View this report as an mbox folder, status mbox, maintainer mbox

Report forwarded to bug-coreutils <at>
bug#40533; Package coreutils. (Fri, 10 Apr 2020 11:12:02 GMT) Full text and rfc822 format available.

Acknowledgement sent to Ole Tange <tange <at>>:
New bug report received and forwarded. Copy sent to bug-coreutils <at> (Fri, 10 Apr 2020 11:12:02 GMT) Full text and rfc822 format available.

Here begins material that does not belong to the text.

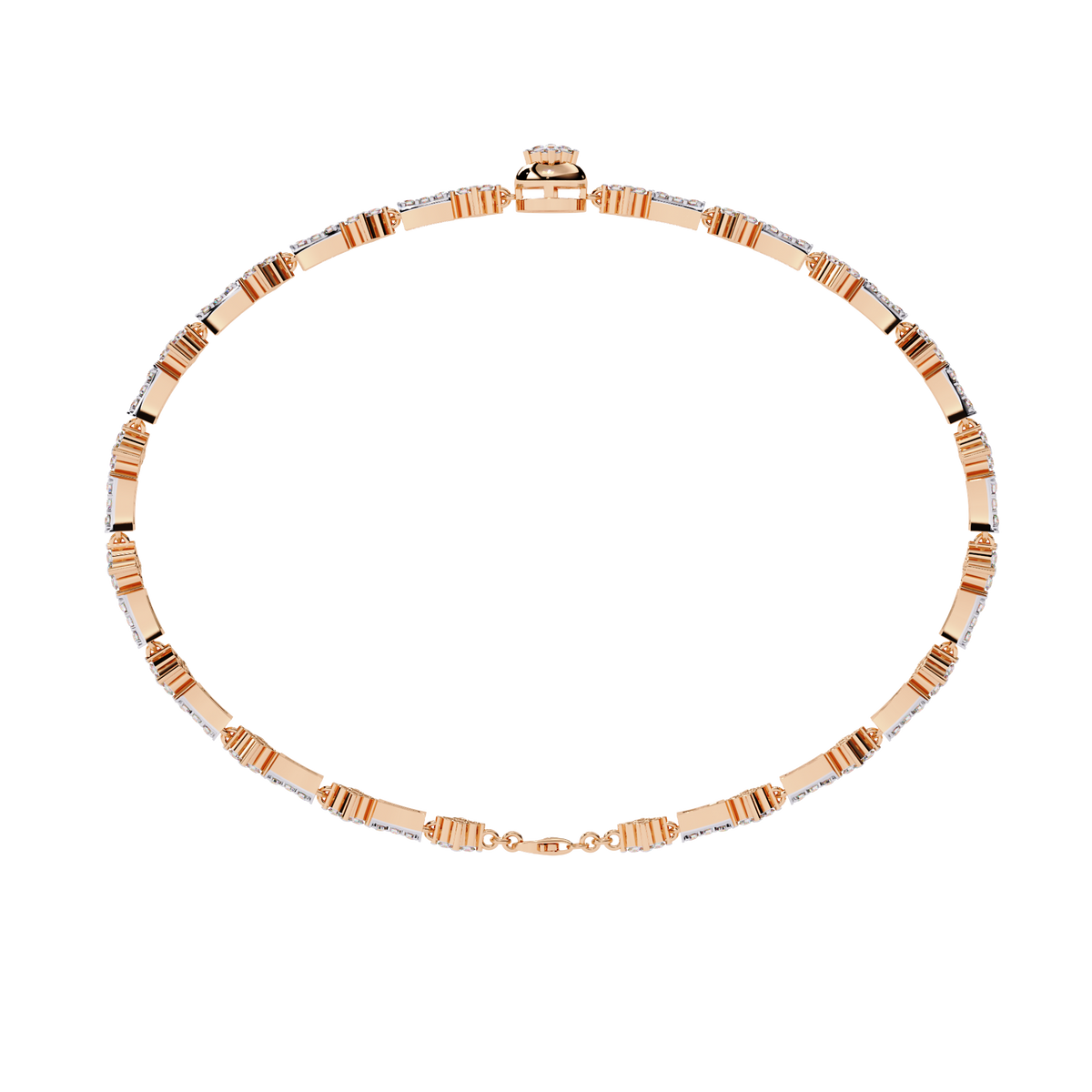 Round Cut Lab Grown Diamond Unique Delicate Classic Wedding Tennis Bracelet Gift For Women's - HIGHCARAT DIAMONDS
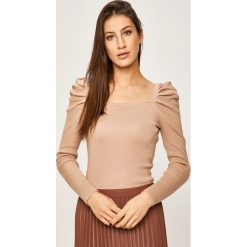 Answear - Sweter. Czarne swetry damskie ANSWEAR, s, bez wzorów, z poliesteru, bez rękawów, bez kaptura. W wyprzedaży za 69,90 zł.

Message #5 received at submit <at> (full text, mbox):

From: Ole Tange <tange <at>>
To: bug-coreutils <at>
Subject: GNU sort could be faster on machines with more cores
Date: Fri, 10 Apr 2020 13:11:31 +0200
$ sort --version
sort (GNU coreutils) 8.28

I am the author of GNU Parallel and my fetish is to try to run more
stuff in parallel. I recently sorted a 2.4 GBytes/100 M lines file:

  export LC_ALL=C
  time sort --parallel=48 bigfile >/dev/null

This takes 87 seconds on my 48 core machine. Everything is done in a
RAM disk. By adjusting 48 I find the optimal is --parallel=46: 80

But it is possible to do better than that.

A big part of the final part of the sorting is a single tread. It is
likely merging the results of the other threads, but it leaves the
other 47 cores idle.

So I thought: Can we parallelize that more?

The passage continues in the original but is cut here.